In our application for the Mozilla Open Source Support award, we wrote:

Over the last four years, Dat has grown from a data sharing tool to a wider community supporting the Dat Protocol. As we work to broaden our community, we recognize the need to improve onboarding new community members, documentation, and supporting implementations in other languages. We’ve organized a Dat Protocol working group to document the existing specification and support other implementations, but we still need someone to help with wider community engagement. Unfortunately, with our constrained resources focusing on development and maintenance, these crucial needs get left behind.

While harder to quantify, we recognize that this work is vital to the future of the Dat Project and for collaborations with groups like Mozilla Common Voice. Investments in documentation and community building make it easy for people to use Dat, to suggest improvements, and get answers to questions. With this milestone, we will support someone to conduct user testing on existing documentation, create an improved user funnel, and identify additional community needs.

A key goal was to understand the needs of the community around documentation and learning resources. Through this support from Mozilla, we’ve advanced the Dat ecosystem in two foundational ways:

  1. Documenting the protocol and guiding developers interested in implementing the Dat protocol in other languages.
  2. A complete overhaul and rebrand of “Dat Project” into “Dat Foundation” including updating and consolidating websites and documentation.

In line with our goal to operate transparently, we've published our reports to Mozilla in this Github Repo and you can also view the reports from individual contributors.

Protocol Documentation

A key challenge we’ve faced over the five years of developing Dat is prioritizing implementation of the protocol versus standardization. With a small team of developers, much of the balance has been weighed towards implementation. This award was a great opportunity to get people outside of the core Dat developers to evaluate and document the protocol, allowing for people to begin implementations in other languages.

The How Dat Works guide is a highlight of the work funded by this MOSS award. Not only does it guide new users through every byte and bit of Dat, we feel like it is a learning resource for developers interested in cryptography, decentralization, and even the internet more broadly and is a prime example of how protocol documentation should be. Read more about the process behind creating How Dat Works in this blog post.
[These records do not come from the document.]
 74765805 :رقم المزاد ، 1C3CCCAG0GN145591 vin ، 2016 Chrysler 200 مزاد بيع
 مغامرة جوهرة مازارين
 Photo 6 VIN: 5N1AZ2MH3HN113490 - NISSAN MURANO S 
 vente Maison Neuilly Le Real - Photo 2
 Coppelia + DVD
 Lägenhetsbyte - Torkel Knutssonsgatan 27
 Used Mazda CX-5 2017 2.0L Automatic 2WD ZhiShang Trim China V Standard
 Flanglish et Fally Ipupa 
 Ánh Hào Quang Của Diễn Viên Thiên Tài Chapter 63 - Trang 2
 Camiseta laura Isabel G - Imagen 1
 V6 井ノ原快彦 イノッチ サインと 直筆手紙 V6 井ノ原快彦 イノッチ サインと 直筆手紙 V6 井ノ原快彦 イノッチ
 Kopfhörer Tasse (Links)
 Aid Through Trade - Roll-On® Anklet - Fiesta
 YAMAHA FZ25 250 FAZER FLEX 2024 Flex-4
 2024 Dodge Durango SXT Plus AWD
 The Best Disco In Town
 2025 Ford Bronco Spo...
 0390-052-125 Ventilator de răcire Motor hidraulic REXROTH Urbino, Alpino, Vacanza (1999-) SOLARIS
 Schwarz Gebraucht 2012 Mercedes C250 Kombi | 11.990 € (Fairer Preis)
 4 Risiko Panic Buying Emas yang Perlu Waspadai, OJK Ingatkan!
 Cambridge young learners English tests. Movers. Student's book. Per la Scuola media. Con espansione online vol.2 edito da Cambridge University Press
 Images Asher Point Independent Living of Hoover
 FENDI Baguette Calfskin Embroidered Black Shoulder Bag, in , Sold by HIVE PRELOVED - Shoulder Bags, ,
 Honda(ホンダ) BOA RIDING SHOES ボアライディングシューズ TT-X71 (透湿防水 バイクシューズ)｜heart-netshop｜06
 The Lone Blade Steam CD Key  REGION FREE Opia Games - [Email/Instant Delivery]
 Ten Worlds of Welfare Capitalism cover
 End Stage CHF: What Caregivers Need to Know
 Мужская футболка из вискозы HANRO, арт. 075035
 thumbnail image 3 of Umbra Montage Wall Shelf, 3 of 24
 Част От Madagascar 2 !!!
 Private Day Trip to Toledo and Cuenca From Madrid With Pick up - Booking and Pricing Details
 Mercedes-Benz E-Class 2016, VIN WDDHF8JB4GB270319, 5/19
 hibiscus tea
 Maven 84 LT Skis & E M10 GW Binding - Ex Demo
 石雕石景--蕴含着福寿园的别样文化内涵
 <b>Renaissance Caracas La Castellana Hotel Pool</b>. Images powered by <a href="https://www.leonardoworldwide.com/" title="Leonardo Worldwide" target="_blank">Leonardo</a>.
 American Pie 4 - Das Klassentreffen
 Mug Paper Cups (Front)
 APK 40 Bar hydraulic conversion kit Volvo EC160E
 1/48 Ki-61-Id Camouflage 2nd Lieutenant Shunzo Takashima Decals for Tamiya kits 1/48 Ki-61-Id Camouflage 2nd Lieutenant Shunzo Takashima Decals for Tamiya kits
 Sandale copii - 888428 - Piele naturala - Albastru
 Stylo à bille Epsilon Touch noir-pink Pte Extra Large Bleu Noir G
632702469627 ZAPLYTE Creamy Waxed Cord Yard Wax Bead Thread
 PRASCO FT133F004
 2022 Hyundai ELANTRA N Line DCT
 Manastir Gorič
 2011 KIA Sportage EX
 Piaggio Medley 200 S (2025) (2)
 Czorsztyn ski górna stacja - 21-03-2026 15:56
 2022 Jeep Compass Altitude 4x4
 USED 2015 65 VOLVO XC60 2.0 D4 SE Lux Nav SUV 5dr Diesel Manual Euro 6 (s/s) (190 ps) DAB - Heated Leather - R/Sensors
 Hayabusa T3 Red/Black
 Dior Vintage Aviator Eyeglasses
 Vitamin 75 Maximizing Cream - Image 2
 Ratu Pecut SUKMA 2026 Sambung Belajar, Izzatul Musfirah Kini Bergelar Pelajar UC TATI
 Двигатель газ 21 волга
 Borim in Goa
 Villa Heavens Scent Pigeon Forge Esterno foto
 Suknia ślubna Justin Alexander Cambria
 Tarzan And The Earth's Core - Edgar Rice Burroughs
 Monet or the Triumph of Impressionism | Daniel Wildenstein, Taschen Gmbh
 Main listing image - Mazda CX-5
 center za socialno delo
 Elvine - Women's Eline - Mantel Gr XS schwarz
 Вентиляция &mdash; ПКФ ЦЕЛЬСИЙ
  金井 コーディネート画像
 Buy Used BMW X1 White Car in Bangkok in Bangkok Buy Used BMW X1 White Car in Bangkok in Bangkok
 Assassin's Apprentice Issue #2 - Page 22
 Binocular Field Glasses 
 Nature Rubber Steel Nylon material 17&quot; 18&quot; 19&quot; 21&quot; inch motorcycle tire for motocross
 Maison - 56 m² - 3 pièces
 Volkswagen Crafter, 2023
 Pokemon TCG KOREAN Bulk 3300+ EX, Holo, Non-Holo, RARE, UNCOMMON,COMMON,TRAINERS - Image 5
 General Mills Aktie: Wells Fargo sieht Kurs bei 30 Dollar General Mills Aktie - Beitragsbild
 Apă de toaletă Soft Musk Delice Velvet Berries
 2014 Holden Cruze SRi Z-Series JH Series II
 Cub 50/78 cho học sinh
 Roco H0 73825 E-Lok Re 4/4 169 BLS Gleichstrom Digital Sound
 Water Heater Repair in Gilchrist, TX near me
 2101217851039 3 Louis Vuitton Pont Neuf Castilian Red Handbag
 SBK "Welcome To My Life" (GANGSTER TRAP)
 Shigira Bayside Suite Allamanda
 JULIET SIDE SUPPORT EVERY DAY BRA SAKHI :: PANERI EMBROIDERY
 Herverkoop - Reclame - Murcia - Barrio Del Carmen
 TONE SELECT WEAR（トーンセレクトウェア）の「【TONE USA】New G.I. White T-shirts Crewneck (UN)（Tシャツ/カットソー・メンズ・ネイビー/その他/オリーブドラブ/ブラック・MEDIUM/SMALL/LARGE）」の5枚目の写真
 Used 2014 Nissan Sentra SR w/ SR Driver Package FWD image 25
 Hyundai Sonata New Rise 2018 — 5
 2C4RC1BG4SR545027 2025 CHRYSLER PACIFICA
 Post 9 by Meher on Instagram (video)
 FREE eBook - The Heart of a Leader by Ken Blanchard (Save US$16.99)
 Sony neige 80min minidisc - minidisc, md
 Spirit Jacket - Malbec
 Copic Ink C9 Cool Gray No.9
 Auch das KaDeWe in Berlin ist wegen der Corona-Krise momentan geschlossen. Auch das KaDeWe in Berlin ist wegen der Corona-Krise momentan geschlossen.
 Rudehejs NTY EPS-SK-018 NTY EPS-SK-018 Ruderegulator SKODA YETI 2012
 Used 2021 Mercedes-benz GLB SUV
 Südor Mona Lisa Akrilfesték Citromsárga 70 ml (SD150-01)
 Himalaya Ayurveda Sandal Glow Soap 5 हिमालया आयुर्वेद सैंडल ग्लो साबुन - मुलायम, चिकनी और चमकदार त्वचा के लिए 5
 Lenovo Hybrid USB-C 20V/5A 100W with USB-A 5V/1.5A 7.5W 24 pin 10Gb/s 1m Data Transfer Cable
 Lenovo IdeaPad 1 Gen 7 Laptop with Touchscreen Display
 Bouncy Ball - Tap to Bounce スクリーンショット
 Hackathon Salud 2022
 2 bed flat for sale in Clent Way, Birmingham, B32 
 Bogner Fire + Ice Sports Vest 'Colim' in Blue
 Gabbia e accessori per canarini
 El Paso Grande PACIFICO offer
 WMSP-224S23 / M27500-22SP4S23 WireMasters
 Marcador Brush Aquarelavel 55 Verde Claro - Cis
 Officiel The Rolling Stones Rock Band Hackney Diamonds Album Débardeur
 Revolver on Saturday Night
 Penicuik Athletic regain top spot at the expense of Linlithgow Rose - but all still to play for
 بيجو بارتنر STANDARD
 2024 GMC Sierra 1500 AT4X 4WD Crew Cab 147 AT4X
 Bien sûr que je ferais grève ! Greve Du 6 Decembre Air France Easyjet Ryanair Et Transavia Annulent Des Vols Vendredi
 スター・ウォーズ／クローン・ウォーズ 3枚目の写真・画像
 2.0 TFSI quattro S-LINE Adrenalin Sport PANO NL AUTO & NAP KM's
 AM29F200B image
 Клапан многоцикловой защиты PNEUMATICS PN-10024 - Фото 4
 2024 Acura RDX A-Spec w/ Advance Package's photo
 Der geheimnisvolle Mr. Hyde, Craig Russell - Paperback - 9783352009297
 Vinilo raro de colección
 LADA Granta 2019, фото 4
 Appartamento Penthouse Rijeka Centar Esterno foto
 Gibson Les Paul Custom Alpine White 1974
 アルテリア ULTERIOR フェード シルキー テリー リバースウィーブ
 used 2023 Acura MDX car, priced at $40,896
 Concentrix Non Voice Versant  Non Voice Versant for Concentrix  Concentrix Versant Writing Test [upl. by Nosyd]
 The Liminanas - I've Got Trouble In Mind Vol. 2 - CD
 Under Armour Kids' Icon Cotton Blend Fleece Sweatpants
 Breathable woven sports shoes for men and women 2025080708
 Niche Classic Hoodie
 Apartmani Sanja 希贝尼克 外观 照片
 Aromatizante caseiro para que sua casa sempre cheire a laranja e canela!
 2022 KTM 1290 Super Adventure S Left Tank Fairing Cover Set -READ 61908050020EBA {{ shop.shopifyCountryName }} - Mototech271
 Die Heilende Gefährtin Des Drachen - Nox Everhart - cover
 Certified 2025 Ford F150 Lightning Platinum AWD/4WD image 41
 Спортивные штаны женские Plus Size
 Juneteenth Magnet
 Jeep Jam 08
We are excited to see new Dat implementations being work on in Rust, C++, Python, Kotlin, and more.

Dat Website Updates

A new Dat website has launched with the help of the community. Based on the feedback from the community research process, we created a new website structure to fully encompass all of the touch points Dat community members interacted and learned about Dat. The website includes a CMS, allowing easier contributions, and content development for various skill types. Our docs include a new tutorial and we will continue to expand those. This website includes a solid foundation for continued improvements and community contributions.

Read more in this post about the move from “Dat Project” to “Dat Foundation”.


This award was a great reminder of all the work required outside of software development to support a functioning and inclusive community project. We are grateful for Mozilla's support of this work and excited that we've been able to engage our community, improve documentation, and create educational resources for people interested in decentralization more broadly.